Finale con il sorriso per il “Deserto”

«Il “Deserto dei Tartari”, un romanzo a lieto fine». Già leggendo il titolo del saggio, gli studiosi di Dino Buzzati avranno fatto un salto sulla sedia. E sì, perché il capolavoro dello scrittore bellunese di San Pellegrino è sempre stato letto come una potente metafora della vita. Nutrita, giorno per giorno, da illusioni, ma poi costretta a piegarsi all’evidenza di un finale poco glorioso. Quello che porta alla sconfitta, alla morte.

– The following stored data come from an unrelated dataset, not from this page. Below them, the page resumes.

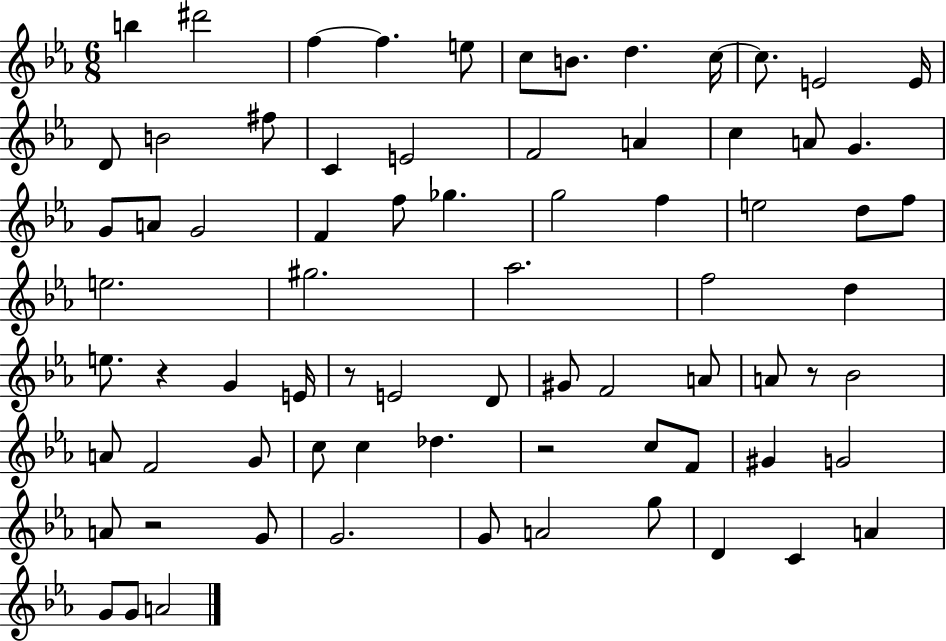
{
  \clef treble
  \numericTimeSignature
  \time 6/8
  \key ees \major
  b''4 dis'''2 | f''4~~ f''4. e''8 | c''8 b'8. d''4. c''16~~ | c''8. e'2 e'16 | \break d'8 b'2 fis''8 | c'4 e'2 | f'2 a'4 | c''4 a'8 g'4. | \break g'8 a'8 g'2 | f'4 f''8 ges''4. | g''2 f''4 | e''2 d''8 f''8 | \break e''2. | gis''2. | aes''2. | f''2 d''4 | \break e''8. r4 g'4 e'16 | r8 e'2 d'8 | gis'8 f'2 a'8 | a'8 r8 bes'2 | \break a'8 f'2 g'8 | c''8 c''4 des''4. | r2 c''8 f'8 | gis'4 g'2 | \break a'8 r2 g'8 | g'2. | g'8 a'2 g''8 | d'4 c'4 a'4 | \break g'8 g'8 a'2 | \bar "|."
} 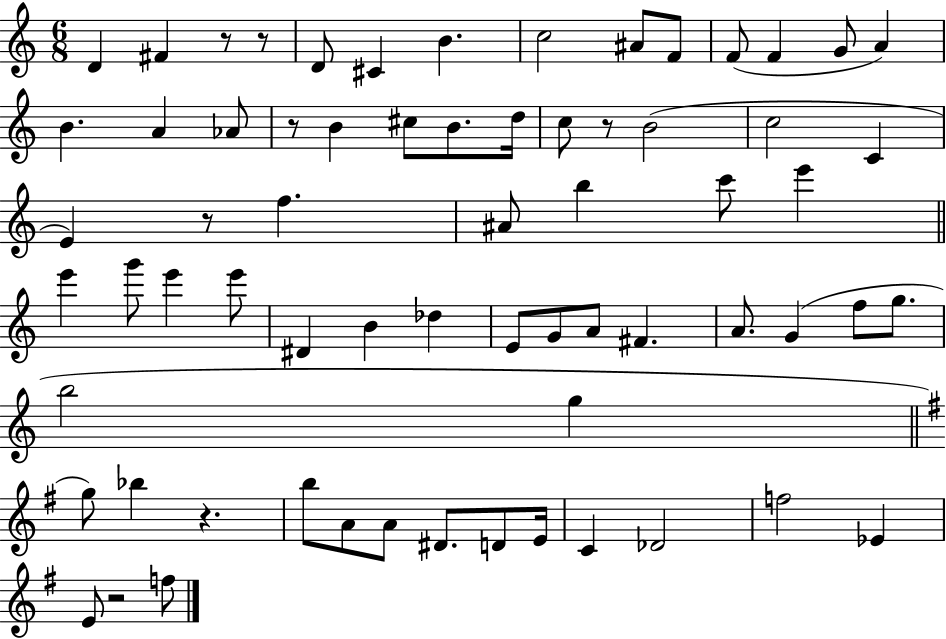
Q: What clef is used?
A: treble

E invece no. Lucia Bellaspiga non si rassegna a una lettura così cupa. Del resto, la giornalista milanese del quotidiano “Avvenire” ha già provato a scardinare la figura di Buzzati non credente, laico, con un’educazione sì cattolica, ma messa molto presto in discussione, in un saggio uscito nel 2006 e intitolato “Dio che non esisti ti prego”.
Adesso, va all’assalto del “Deserto” nel libro pubblicato da Ancora (pagg. 111, euro 13). Aggrappandosi al testo. Che, in effetti, comincia e finisce con un sorriso di Giovanni Drogo. E che, secondo lei, apre uno spiraglio alla speranza, non alla rassegnazione.